The calamity occurred one morning, just before daybreak, as the otters were returning to the river from a visit to a hen-coop, where they had found an open door and a solitary chicken. The trap was placed on the grass by the verge of the stream. A light fall of snow had covered it, but had left exposed the entrails of a chicken which, by coincidence, formed the tempting bait. Distressed and perplexed, Lutra stayed by the dog-otter, trying in vain to release him from his sufferings. The trapped creature, beside himself with rage and fear and pain, attempted to gnaw through his crunched and almost severed foot; but as the dawn lightened the east, and before the limb could be freed, Ned the blacksmith was to be seen hurrying to the spot. Lutra dived out of sight, and, unable to interpose, watched, for a second time, a riverside tragedy.
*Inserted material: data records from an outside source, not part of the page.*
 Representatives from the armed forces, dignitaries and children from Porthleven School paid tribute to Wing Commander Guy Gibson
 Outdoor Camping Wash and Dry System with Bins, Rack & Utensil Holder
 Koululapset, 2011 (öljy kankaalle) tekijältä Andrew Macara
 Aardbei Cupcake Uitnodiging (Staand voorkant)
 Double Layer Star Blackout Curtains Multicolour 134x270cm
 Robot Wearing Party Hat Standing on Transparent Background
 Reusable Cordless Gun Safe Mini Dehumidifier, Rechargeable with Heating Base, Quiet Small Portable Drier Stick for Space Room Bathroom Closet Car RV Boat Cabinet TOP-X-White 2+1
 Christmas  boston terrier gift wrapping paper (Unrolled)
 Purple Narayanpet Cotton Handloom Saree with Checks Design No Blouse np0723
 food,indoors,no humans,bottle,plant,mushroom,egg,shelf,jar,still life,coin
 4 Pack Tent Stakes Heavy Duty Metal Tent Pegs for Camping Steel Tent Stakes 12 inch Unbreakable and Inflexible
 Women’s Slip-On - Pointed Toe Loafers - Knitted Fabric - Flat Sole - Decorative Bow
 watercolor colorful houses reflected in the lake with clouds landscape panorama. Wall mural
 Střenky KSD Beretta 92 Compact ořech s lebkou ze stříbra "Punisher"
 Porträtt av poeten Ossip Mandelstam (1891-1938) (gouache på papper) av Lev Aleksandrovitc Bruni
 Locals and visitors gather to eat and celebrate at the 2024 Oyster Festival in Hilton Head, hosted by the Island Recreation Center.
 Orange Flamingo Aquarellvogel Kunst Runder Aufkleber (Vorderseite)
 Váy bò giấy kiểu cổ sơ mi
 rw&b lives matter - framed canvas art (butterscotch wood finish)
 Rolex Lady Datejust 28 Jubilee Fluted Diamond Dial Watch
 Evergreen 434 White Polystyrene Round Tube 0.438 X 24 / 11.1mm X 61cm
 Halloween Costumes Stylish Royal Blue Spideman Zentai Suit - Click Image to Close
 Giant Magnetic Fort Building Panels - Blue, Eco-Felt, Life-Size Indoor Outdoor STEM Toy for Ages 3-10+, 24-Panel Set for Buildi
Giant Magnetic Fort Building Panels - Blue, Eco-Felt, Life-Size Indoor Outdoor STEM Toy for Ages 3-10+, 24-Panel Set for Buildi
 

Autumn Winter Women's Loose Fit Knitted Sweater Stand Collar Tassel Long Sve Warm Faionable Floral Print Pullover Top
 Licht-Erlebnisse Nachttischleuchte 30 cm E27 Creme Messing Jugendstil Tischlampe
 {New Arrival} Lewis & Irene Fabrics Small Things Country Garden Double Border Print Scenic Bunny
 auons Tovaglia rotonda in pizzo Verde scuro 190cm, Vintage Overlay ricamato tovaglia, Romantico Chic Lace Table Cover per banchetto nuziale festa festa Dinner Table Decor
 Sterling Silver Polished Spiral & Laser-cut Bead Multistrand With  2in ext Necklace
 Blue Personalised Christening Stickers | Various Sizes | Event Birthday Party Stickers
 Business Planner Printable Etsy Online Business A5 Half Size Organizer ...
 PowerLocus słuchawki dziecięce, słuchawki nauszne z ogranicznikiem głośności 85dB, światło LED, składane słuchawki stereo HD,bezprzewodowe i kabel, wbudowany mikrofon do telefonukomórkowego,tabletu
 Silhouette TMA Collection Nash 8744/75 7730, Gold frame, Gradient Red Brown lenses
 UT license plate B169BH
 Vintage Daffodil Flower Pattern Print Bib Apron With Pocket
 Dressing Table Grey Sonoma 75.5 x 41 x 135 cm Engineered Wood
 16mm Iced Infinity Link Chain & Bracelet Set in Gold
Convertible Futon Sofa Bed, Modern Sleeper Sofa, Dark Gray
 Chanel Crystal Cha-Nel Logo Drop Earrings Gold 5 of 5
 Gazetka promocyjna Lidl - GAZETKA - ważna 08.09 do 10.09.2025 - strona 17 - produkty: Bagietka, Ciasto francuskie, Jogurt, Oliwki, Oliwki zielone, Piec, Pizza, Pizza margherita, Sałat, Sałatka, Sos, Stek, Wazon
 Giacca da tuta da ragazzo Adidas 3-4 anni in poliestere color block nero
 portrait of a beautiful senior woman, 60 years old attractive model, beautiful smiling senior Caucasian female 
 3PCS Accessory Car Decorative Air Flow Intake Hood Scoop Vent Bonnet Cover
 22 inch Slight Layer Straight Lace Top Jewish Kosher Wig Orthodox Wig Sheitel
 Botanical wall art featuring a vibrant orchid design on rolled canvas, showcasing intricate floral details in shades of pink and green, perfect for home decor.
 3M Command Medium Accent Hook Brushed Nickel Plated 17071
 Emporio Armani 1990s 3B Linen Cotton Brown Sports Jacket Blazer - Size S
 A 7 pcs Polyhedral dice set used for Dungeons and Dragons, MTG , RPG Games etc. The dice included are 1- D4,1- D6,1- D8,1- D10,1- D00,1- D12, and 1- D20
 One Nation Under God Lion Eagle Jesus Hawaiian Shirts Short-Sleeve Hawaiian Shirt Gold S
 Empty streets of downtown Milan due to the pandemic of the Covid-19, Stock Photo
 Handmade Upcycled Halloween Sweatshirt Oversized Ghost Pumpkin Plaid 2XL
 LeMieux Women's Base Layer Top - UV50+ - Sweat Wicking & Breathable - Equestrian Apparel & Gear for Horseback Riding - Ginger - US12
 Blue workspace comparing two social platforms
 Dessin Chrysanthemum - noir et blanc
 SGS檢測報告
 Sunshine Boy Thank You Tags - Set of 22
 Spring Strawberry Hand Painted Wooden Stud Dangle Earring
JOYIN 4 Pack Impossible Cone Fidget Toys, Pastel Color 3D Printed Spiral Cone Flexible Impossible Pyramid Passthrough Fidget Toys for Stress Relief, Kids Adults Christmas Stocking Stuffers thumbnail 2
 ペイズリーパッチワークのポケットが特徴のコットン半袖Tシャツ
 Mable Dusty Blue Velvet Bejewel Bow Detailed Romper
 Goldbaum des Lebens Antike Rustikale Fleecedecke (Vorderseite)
Her attachment, however, had not been of so ardent a nature that bereavement left her disconsolate. Before April she forgot her trapped friend, and was mated again.
Lutra's new spouse had his home in the tributary stream of a neighbouring valley. So, when the snows had melted and the rime no longer touched with fairy fingerprints the tracery of the leafless boughs, and when Olwen the White - footed had come once more into the valley called after her name, Lutra forsook the broad river in which she had spent her early life, and, with her companion and a promising family, lived contented under the frowning Rock of Gwion, secure in peace and solitude, at least for a season, from the shaggy otterhounds.